WHAT TO WORK ON: Where the records below show a line containing "Photo 8 VIN: 1N4AL2EP5CC166391", start copying; end with the line containing "Bari Domus Bella", and copy it too.

DATA LISTING:
↓

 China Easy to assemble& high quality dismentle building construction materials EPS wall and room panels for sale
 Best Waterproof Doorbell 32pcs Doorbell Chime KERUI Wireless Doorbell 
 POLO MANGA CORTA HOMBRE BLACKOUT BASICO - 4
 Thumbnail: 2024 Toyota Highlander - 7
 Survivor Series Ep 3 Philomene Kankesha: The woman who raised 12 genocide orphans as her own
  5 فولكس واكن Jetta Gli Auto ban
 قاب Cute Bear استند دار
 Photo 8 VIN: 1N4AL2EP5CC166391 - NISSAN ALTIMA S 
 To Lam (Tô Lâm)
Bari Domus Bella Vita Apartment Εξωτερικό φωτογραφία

↑
↓

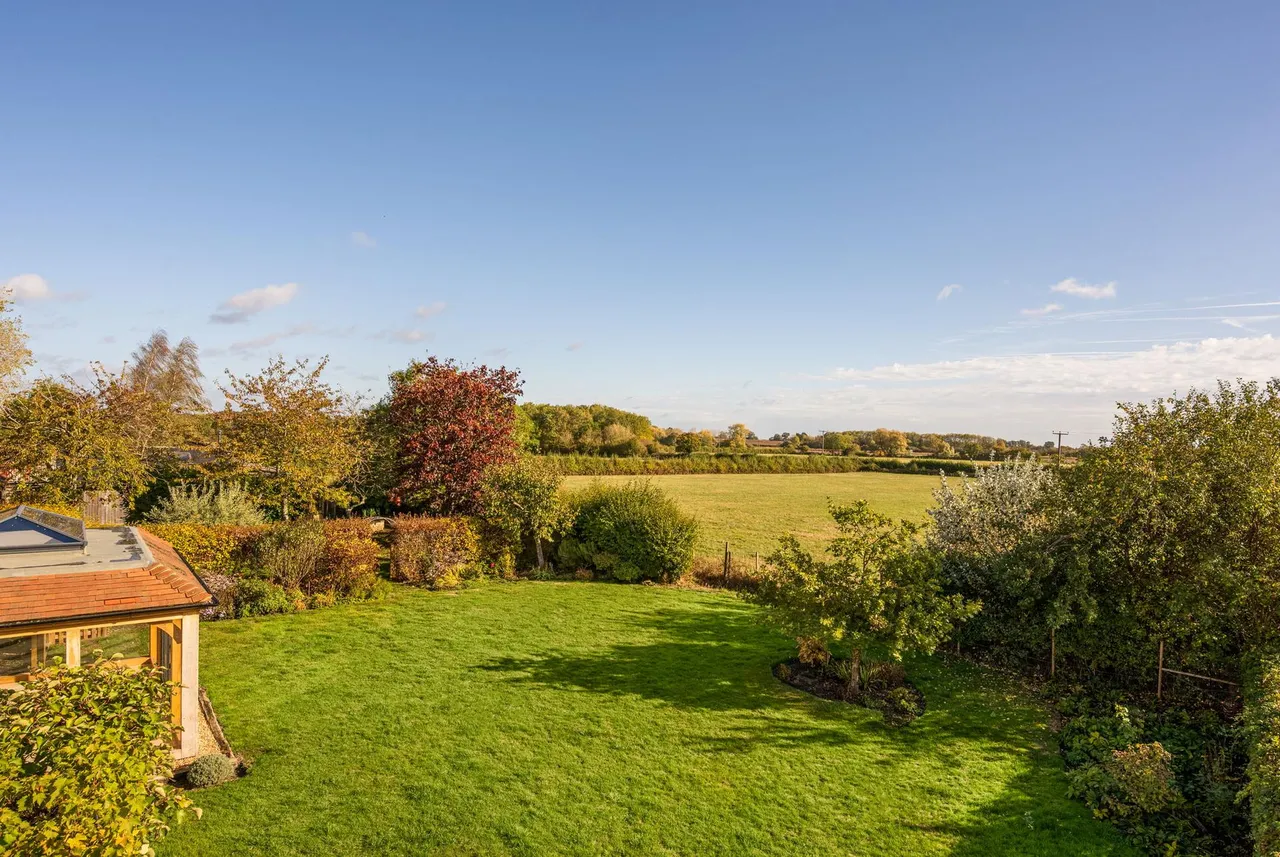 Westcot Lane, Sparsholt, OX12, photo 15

↑

FINISHED TASK:
 Photo 8 VIN: 1N4AL2EP5CC166391 - NISSAN ALTIMA S 
 To Lam (Tô Lâm)
Bari Domus Bella Vita Apartment Εξωτερικό φωτογραφία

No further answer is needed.